Given entries —

---

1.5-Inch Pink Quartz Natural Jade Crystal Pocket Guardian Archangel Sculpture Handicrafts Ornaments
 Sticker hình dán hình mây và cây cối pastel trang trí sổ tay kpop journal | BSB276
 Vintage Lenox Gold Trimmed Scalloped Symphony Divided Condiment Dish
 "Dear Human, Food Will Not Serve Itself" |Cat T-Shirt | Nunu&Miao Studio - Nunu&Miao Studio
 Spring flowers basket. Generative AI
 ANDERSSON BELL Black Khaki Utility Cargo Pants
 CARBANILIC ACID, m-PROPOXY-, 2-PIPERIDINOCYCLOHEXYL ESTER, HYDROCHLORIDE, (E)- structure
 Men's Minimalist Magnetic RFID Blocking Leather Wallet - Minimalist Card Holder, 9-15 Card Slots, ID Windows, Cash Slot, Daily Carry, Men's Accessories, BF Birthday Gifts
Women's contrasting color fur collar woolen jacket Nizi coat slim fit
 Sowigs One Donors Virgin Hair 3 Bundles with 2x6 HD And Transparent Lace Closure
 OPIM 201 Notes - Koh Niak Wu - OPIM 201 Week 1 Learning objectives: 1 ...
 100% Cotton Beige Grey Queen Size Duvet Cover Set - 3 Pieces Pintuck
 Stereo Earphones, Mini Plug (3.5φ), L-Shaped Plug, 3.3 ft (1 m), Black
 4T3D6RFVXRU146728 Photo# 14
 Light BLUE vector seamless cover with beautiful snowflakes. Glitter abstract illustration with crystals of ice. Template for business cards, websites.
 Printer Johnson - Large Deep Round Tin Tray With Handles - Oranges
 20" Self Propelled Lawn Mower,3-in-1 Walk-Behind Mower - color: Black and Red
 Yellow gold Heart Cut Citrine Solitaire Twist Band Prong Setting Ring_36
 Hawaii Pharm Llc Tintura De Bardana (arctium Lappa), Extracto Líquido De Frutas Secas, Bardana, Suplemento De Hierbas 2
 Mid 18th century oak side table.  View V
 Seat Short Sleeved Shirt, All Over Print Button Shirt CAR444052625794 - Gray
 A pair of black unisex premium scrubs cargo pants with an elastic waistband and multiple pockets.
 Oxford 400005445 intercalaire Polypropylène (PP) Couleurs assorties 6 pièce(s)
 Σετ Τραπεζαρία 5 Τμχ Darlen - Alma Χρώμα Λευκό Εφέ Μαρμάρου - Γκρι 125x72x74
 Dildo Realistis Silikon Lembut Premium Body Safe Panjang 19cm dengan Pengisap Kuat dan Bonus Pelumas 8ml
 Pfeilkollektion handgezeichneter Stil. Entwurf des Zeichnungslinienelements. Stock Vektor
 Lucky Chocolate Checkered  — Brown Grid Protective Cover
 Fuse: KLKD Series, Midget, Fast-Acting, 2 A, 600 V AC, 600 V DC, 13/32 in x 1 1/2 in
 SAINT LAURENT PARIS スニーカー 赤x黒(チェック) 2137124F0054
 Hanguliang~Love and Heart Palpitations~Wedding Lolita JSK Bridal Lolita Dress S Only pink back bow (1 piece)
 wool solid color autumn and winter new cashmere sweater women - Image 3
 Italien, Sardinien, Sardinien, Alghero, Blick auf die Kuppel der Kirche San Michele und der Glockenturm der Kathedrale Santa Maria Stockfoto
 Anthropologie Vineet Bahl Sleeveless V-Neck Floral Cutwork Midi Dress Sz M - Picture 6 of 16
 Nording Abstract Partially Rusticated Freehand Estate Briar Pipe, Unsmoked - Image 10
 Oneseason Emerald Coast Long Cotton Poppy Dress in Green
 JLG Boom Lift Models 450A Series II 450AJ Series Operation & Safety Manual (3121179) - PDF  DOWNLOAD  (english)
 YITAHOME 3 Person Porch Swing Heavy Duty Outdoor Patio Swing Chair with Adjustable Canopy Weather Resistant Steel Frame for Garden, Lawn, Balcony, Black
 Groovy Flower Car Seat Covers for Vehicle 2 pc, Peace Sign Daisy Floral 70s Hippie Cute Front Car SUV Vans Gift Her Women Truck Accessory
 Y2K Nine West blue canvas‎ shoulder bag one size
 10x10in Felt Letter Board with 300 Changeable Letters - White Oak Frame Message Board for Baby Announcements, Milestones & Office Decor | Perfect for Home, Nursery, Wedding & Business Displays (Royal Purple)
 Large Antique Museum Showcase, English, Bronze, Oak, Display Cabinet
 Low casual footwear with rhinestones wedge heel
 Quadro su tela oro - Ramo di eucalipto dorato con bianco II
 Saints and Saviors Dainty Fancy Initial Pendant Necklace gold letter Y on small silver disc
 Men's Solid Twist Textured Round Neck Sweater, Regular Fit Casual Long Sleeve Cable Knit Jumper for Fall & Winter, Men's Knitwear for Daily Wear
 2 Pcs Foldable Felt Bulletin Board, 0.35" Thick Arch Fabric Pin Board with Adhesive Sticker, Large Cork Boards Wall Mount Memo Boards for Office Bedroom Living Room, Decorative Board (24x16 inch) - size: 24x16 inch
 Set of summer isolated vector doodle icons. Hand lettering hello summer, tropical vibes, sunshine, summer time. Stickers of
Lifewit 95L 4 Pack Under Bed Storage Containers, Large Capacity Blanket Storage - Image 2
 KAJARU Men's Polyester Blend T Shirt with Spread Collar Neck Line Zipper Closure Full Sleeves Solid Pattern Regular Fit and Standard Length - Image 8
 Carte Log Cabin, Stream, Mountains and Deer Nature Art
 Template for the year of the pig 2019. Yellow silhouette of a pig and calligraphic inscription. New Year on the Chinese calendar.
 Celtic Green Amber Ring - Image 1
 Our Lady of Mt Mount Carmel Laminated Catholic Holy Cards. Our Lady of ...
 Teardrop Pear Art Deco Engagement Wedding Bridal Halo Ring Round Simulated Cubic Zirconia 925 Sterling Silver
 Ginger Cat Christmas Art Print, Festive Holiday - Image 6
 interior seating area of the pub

---

The full listing above needs to be transcribed exactly.

Final answer —
1.5-Inch Pink Quartz Natural Jade Crystal Pocket Guardian Archangel Sculpture Handicrafts Ornaments
 Sticker hình dán hình mây và cây cối pastel trang trí sổ tay kpop journal | BSB276
 Vintage Lenox Gold Trimmed Scalloped Symphony Divided Condiment Dish
 "Dear Human, Food Will Not Serve Itself" |Cat T-Shirt | Nunu&Miao Studio - Nunu&Miao Studio
 Spring flowers basket. Generative AI
 ANDERSSON BELL Black Khaki Utility Cargo Pants
 CARBANILIC ACID, m-PROPOXY-, 2-PIPERIDINOCYCLOHEXYL ESTER, HYDROCHLORIDE, (E)- structure
 Men's Minimalist Magnetic RFID Blocking Leather Wallet - Minimalist Card Holder, 9-15 Card Slots, ID Windows, Cash Slot, Daily Carry, Men's Accessories, BF Birthday Gifts
Women's contrasting color fur collar woolen jacket Nizi coat slim fit
 Sowigs One Donors Virgin Hair 3 Bundles with 2x6 HD And Transparent Lace Closure
 OPIM 201 Notes - Koh Niak Wu - OPIM 201 Week 1 Learning objectives: 1 ...
 100% Cotton Beige Grey Queen Size Duvet Cover Set - 3 Pieces Pintuck
 Stereo Earphones, Mini Plug (3.5φ), L-Shaped Plug, 3.3 ft (1 m), Black
 4T3D6RFVXRU146728 Photo# 14
 Light BLUE vector seamless cover with beautiful snowflakes. Glitter abstract illustration with crystals of ice. Template for business cards, websites.
 Printer Johnson - Large Deep Round Tin Tray With Handles - Oranges
 20" Self Propelled Lawn Mower,3-in-1 Walk-Behind Mower - color: Black and Red
 Yellow gold Heart Cut Citrine Solitaire Twist Band Prong Setting Ring_36
 Hawaii Pharm Llc Tintura De Bardana (arctium Lappa), Extracto Líquido De Frutas Secas, Bardana, Suplemento De Hierbas 2
 Mid 18th century oak side table.  View V
 Seat Short Sleeved Shirt, All Over Print Button Shirt CAR444052625794 - Gray
 A pair of black unisex premium scrubs cargo pants with an elastic waistband and multiple pockets.
 Oxford 400005445 intercalaire Polypropylène (PP) Couleurs assorties 6 pièce(s)
 Σετ Τραπεζαρία 5 Τμχ Darlen - Alma Χρώμα Λευκό Εφέ Μαρμάρου - Γκρι 125x72x74
 Dildo Realistis Silikon Lembut Premium Body Safe Panjang 19cm dengan Pengisap Kuat dan Bonus Pelumas 8ml
 Pfeilkollektion handgezeichneter Stil. Entwurf des Zeichnungslinienelements. Stock Vektor
 Lucky Chocolate Checkered  — Brown Grid Protective Cover
 Fuse: KLKD Series, Midget, Fast-Acting, 2 A, 600 V AC, 600 V DC, 13/32 in x 1 1/2 in
 SAINT LAURENT PARIS スニーカー 赤x黒(チェック) 2137124F0054
 Hanguliang~Love and Heart Palpitations~Wedding Lolita JSK Bridal Lolita Dress S Only pink back bow (1 piece)
 wool solid color autumn and winter new cashmere sweater women - Image 3
 Italien, Sardinien, Sardinien, Alghero, Blick auf die Kuppel der Kirche San Michele und der Glockenturm der Kathedrale Santa Maria Stockfoto
 Anthropologie Vineet Bahl Sleeveless V-Neck Floral Cutwork Midi Dress Sz M - Picture 6 of 16
 Nording Abstract Partially Rusticated Freehand Estate Briar Pipe, Unsmoked - Image 10
 Oneseason Emerald Coast Long Cotton Poppy Dress in Green
 JLG Boom Lift Models 450A Series II 450AJ Series Operation & Safety Manual (3121179) - PDF  DOWNLOAD  (english)
 YITAHOME 3 Person Porch Swing Heavy Duty Outdoor Patio Swing Chair with Adjustable Canopy Weather Resistant Steel Frame for Garden, Lawn, Balcony, Black
 Groovy Flower Car Seat Covers for Vehicle 2 pc, Peace Sign Daisy Floral 70s Hippie Cute Front Car SUV Vans Gift Her Women Truck Accessory
 Y2K Nine West blue canvas‎ shoulder bag one size
 10x10in Felt Letter Board with 300 Changeable Letters - White Oak Frame Message Board for Baby Announcements, Milestones & Office Decor | Perfect for Home, Nursery, Wedding & Business Displays (Royal Purple)
 Large Antique Museum Showcase, English, Bronze, Oak, Display Cabinet
 Low casual footwear with rhinestones wedge heel
 Quadro su tela oro - Ramo di eucalipto dorato con bianco II
 Saints and Saviors Dainty Fancy Initial Pendant Necklace gold letter Y on small silver disc
 Men's Solid Twist Textured Round Neck Sweater, Regular Fit Casual Long Sleeve Cable Knit Jumper for Fall & Winter, Men's Knitwear for Daily Wear
 2 Pcs Foldable Felt Bulletin Board, 0.35" Thick Arch Fabric Pin Board with Adhesive Sticker, Large Cork Boards Wall Mount Memo Boards for Office Bedroom Living Room, Decorative Board (24x16 inch) - size: 24x16 inch
 Set of summer isolated vector doodle icons. Hand lettering hello summer, tropical vibes, sunshine, summer time. Stickers of
Lifewit 95L 4 Pack Under Bed Storage Containers, Large Capacity Blanket Storage - Image 2
 KAJARU Men's Polyester Blend T Shirt with Spread Collar Neck Line Zipper Closure Full Sleeves Solid Pattern Regular Fit and Standard Length - Image 8
 Carte Log Cabin, Stream, Mountains and Deer Nature Art
 Template for the year of the pig 2019. Yellow silhouette of a pig and calligraphic inscription. New Year on the Chinese calendar.
 Celtic Green Amber Ring - Image 1
 Our Lady of Mt Mount Carmel Laminated Catholic Holy Cards. Our Lady of ...
 Teardrop Pear Art Deco Engagement Wedding Bridal Halo Ring Round Simulated Cubic Zirconia 925 Sterling Silver
 Ginger Cat Christmas Art Print, Festive Holiday - Image 6
 interior seating area of the pub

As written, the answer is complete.